Exercise prompt: Of the entries below, return only those lines from the line with "Spaarkast broedkamer vuren" to the line with "Сірий Ленд Ровер", exactly, both included.

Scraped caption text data
○ ○ ○ ○ ○ ○ ○
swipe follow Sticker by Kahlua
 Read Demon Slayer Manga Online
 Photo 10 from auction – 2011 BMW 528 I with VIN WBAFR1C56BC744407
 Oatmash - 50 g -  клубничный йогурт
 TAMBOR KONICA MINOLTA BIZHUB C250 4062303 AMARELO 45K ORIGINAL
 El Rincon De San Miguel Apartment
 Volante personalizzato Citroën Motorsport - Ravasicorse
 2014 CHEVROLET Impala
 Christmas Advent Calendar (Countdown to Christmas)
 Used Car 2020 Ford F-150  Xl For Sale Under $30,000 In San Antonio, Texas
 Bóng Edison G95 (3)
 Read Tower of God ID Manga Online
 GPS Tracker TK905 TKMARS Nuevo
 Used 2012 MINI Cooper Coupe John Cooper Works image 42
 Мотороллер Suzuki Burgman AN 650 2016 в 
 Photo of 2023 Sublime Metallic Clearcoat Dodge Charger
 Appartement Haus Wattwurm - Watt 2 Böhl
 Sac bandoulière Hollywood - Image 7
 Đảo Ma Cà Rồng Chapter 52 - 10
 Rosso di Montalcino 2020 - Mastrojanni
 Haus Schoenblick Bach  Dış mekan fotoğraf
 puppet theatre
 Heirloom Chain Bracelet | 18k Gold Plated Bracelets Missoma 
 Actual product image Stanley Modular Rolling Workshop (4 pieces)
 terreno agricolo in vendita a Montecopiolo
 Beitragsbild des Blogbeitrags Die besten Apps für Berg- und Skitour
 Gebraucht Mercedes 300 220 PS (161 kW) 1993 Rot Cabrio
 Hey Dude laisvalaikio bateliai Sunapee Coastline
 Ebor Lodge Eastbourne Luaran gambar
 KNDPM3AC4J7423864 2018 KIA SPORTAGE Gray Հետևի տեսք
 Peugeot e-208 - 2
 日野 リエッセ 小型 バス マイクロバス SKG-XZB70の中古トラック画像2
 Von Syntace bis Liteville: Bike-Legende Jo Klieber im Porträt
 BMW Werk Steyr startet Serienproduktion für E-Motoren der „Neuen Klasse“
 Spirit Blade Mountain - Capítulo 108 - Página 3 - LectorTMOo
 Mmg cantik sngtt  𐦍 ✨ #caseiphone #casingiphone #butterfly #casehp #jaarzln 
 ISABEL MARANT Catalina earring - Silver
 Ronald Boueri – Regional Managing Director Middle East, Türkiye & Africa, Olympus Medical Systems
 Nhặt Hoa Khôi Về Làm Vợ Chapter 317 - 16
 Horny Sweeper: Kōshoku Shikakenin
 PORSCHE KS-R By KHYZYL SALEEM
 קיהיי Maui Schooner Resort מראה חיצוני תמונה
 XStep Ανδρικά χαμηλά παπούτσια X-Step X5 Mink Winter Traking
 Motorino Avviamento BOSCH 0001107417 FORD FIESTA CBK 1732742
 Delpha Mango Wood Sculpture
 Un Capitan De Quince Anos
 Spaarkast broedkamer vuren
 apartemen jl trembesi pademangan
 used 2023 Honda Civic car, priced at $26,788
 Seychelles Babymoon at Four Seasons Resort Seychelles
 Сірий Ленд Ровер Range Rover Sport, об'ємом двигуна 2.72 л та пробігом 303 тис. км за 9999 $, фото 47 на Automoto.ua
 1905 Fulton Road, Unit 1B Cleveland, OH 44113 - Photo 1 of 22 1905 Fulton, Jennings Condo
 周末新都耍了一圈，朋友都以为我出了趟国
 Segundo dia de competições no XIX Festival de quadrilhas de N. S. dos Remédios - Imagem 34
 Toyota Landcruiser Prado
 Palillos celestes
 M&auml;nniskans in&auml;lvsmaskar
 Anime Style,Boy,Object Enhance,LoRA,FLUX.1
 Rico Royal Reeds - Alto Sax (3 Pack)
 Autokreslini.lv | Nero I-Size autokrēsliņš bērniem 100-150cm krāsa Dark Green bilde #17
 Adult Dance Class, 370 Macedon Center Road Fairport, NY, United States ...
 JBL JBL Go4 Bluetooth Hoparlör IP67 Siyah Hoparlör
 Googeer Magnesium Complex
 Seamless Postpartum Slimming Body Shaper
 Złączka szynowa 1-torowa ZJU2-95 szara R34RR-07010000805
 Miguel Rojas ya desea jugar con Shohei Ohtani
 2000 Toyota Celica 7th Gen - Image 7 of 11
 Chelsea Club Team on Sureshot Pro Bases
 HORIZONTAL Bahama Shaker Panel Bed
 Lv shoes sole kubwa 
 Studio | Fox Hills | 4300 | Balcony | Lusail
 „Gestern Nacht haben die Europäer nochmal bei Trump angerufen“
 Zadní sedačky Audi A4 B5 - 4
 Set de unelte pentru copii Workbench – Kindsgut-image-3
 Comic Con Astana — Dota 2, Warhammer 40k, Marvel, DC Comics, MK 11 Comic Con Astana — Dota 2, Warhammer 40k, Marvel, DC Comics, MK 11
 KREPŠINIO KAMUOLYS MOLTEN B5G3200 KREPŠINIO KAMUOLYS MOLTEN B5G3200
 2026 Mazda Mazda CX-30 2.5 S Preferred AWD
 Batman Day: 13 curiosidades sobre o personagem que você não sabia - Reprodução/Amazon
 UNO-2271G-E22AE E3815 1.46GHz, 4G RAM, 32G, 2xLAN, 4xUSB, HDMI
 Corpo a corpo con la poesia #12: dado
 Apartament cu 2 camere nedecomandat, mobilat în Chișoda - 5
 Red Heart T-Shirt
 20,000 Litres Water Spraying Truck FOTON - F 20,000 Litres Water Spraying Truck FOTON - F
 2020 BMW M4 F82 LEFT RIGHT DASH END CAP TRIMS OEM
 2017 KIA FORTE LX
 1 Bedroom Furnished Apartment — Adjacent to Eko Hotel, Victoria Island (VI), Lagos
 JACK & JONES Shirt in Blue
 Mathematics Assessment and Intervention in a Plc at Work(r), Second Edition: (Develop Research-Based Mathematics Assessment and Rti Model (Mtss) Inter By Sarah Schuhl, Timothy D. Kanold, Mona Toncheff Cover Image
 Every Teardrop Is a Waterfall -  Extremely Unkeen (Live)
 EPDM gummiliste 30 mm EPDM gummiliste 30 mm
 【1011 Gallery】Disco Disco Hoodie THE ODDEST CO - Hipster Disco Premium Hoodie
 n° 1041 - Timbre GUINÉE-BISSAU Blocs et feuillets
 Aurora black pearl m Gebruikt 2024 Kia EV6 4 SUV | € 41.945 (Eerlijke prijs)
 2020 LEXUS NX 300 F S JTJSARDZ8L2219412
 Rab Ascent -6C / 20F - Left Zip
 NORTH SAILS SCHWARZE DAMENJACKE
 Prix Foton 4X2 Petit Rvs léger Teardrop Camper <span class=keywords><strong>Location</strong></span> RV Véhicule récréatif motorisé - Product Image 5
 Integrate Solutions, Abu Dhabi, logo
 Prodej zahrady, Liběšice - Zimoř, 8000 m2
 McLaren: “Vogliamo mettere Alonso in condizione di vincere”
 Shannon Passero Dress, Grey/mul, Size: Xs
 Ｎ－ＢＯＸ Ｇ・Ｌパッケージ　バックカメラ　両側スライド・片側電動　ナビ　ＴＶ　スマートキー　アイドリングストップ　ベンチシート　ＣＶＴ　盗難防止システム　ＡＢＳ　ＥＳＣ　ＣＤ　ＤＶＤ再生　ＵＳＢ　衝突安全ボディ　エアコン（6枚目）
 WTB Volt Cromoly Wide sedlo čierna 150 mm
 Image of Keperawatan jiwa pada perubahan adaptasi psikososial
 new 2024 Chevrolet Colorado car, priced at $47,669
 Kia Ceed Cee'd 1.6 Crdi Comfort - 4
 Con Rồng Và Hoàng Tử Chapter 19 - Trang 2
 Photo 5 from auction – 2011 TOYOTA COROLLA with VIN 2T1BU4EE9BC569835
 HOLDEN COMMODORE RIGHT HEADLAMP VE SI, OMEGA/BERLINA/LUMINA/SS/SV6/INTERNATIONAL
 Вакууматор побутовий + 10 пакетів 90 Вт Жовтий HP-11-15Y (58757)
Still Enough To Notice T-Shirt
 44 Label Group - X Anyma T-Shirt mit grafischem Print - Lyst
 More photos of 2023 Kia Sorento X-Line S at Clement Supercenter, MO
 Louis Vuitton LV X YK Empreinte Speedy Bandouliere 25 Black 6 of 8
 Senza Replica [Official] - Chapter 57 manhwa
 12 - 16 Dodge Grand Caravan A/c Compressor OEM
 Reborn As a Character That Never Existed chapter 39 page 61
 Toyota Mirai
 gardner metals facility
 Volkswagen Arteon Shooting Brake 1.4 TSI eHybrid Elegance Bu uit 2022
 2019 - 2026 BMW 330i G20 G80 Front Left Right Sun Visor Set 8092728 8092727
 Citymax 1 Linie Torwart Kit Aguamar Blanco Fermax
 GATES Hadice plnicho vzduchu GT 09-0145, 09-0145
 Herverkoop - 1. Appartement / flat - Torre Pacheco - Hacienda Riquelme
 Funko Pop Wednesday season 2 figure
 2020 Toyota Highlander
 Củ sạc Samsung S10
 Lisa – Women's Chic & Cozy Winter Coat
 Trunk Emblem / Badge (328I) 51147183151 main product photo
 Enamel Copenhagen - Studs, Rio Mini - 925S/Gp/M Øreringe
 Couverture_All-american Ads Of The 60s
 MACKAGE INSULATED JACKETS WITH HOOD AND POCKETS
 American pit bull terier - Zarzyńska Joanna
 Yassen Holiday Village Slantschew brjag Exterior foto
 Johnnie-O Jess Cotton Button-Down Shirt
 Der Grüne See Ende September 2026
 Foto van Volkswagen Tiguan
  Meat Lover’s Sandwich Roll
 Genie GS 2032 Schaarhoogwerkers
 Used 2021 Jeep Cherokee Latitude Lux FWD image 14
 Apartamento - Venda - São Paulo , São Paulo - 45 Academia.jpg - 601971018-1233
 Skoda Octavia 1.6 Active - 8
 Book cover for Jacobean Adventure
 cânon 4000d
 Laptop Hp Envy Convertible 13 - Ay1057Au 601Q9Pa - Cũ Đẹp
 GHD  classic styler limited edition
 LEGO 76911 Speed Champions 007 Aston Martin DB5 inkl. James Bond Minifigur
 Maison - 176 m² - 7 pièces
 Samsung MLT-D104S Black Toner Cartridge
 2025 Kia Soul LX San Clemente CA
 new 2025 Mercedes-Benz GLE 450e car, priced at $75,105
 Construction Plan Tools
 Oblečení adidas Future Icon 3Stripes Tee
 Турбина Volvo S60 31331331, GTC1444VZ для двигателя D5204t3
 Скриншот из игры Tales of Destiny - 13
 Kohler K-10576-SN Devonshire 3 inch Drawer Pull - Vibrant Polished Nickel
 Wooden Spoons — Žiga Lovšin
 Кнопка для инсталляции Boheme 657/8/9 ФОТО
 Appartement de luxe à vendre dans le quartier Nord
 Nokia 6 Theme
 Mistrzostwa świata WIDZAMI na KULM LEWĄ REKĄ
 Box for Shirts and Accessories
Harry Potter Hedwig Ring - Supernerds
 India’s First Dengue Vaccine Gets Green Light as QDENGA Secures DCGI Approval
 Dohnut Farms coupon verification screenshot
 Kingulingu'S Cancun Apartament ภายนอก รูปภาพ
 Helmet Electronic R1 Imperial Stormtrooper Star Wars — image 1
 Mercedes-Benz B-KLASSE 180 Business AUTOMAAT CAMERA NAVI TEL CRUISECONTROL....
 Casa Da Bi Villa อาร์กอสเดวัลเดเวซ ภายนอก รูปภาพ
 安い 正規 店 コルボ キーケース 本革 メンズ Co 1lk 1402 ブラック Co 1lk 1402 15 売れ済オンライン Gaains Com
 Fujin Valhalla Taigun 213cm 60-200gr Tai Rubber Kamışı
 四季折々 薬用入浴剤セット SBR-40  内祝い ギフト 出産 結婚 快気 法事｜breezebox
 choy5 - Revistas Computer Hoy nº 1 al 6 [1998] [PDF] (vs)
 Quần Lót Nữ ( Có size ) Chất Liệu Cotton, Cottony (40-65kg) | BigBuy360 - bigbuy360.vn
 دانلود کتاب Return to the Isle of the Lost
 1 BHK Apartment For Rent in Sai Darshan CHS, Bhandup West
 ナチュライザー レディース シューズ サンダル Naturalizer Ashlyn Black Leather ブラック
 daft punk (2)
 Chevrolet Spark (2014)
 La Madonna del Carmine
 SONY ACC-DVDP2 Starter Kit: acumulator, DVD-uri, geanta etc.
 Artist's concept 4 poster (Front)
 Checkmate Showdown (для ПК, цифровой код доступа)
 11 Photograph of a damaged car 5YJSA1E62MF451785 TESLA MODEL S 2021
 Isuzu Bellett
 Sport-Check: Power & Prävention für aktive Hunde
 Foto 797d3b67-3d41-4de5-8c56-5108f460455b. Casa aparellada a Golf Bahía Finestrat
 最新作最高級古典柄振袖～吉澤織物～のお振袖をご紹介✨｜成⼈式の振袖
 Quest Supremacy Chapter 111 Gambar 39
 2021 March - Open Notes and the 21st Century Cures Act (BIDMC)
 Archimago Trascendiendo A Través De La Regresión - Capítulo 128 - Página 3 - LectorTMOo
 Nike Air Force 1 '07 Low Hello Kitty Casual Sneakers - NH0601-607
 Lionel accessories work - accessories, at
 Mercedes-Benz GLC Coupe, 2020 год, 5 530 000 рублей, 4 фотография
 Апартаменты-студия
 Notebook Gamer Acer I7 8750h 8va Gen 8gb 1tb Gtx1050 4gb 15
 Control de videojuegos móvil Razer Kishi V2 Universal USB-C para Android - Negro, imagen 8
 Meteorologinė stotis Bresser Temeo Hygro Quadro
○ ○ ○ ○ ○ ○ ○
Written solution:
 Spaarkast broedkamer vuren
 apartemen jl trembesi pademangan
 used 2023 Honda Civic car, priced at $26,788
 Seychelles Babymoon at Four Seasons Resort Seychelles
 Сірий Ленд Ровер Range Rover Sport, об'ємом двигуна 2.72 л та пробігом 303 тис. км за 9999 $, фото 47 на Automoto.ua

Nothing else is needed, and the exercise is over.